__Task description__.
Every line from the one holding "MI license plate DBK8401" through the one holding "Air Jordan 1" in the data below must be returned exactly, both ends included, with pictures left out and nothing else added.

*** Opening of Data to use ***

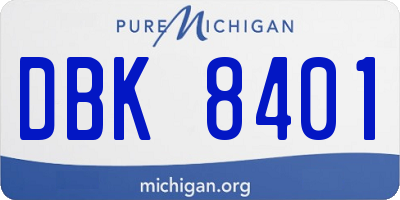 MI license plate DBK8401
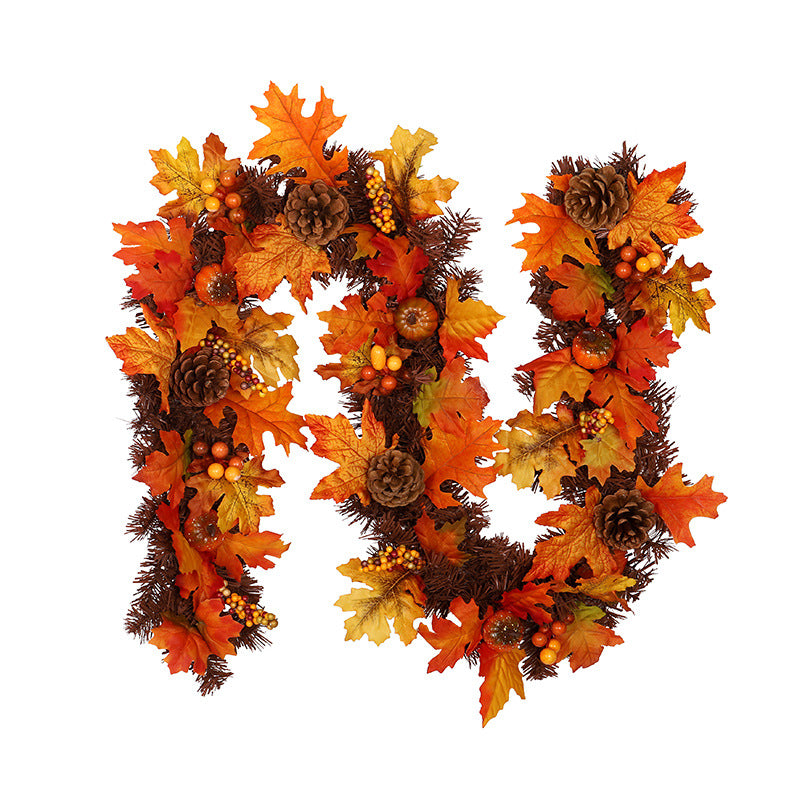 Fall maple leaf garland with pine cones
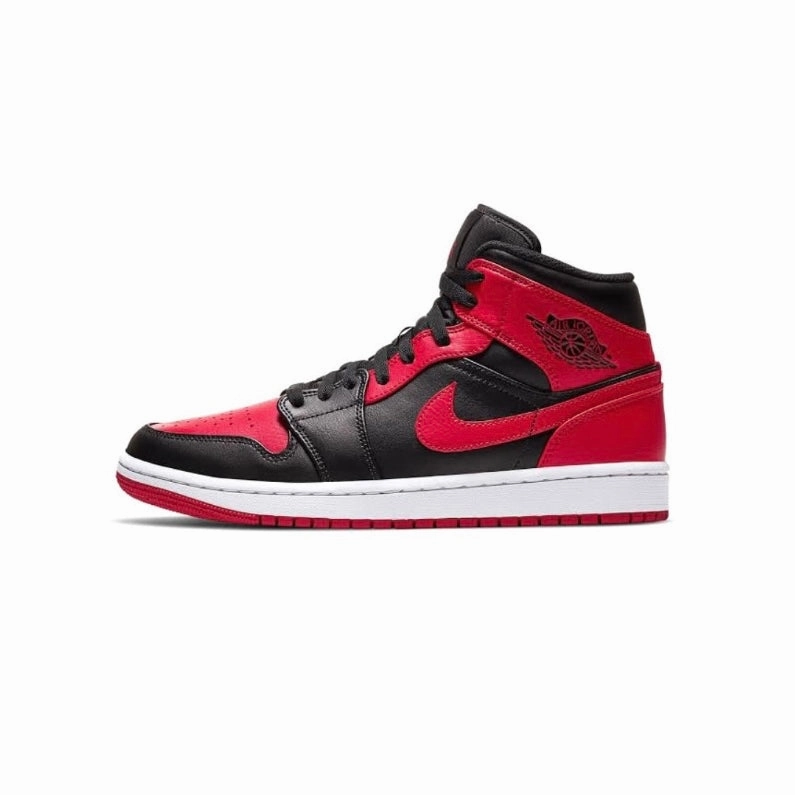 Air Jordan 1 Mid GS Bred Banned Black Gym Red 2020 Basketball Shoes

*** Close of Data to use ***
*** Opening of Data to use ***

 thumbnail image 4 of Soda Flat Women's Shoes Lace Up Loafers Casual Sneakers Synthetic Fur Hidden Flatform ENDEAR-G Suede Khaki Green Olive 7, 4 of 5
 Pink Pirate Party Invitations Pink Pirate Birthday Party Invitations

*** Close of Data to use ***

__Response to the task__.
 MI license plate DBK8401
 Fall maple leaf garland with pine cones
 Air Jordan 1 Mid GS Bred Banned Black Gym Red 2020 Basketball Shoes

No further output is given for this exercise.